İş yaşamı boyunca ne gibi zorluklarla karşılaştınız?  
Bizim nesil küçüklükten itibaren mücadeleci bir nesil. Zorluklarla karşılaşsak da hepsinin üstesinden gelmeyi becerebiliyoruz. Ne yılmak var bizim kitabımızda ne de yorulmak. Üretim yapmak dünyanın her yerinde zor bir iştir. Hammadde temininden makinesine, enerjisinden işçisine, nakliye ve pazarlamasına kadar her biri ayrı zorluklar içeren süreçleri saat gibi işletebilmek zorundasınız. Çarklardan biri durduğu zaman bütün sistem iflas eder. Biz zorluklarla mücadele ede ede büyüdüğümüz için çarkları çevirebildik ve bugün bu durumlara gelebildik. Şimdi bu tesislerde son sistem otomasyon sistemlerimizi kurduk ve dahası için de çalışıyoruz. Yeni makinelerimizin siparişlerini verdik, onlar da sonbaharda monte edilecek, üretimimiz daha da çoğalacak, çünkü ihracat da çoğalıyor, Türkiye’nin de ihtiyaçları çoğalıyor. Yani biz çalışmak, bu ihtiyaçlara hitap etmek durumundayız. Kısaca biz vatanımıza da hizmet etmek zorundayız, insanımıza da hizmet etmek zorundayız. 


Bunları nasıl aştınız?
Şimdi kendi adıma konuşayım, en önemlisi vatan sevgisidir. Ülkeme, insanlara hizmet etmeyi çok seviyorum. Bu bütün zorlukların üstesinden gelmede en büyük etken budur. 
Başarınızda en önemli faktör neydi? 
Altınay ailesi olarak üç kuşaktır bu sevgiyi yaşatıyor, ülkemize ve insanlara hizmet etmeyi sürdürüyoruz.

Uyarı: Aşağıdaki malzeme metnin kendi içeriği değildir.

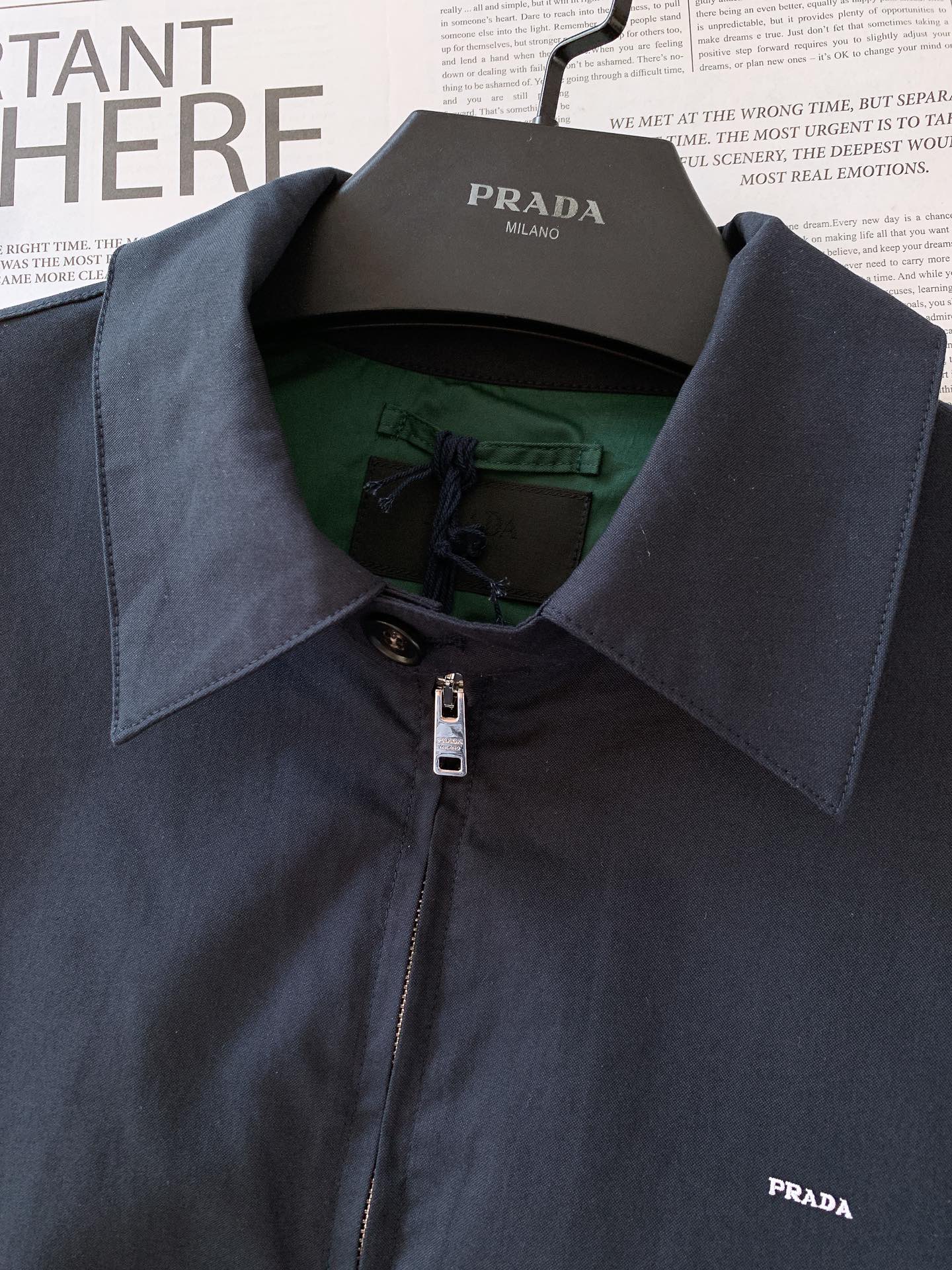 
Prada 普拉达 2025FW早秋新品
棉质翻领夹克 | 低调奢华的意式风尚
甄选优质棉质面料，手感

Eskişehir sanayisi nereden nereye geldi?
Eskişehir, maden yani hammadde kaynakları olarak zengin bir coğrafya. Ürettiklerinizin nakliyesi açısından konum itibariyle de çok iyi bir yerde. Biz buradan İstanbul’a, Ege Bölgesi’ne, Akdeniz’e, Karadeniz’e kolaylıkla ulaşabiliyoruz. Sağ olsun Eskişehir sanayisi de iyi. Ben önceden de Sanayi Odası’nda meclis üyeliği yaptım, yani gerçekten Eskişehir sanayisi çevre olarak olsun, düzen olarak olsun, çalışma ortamı olarak olsun örnek bir sanayi bölgesi.  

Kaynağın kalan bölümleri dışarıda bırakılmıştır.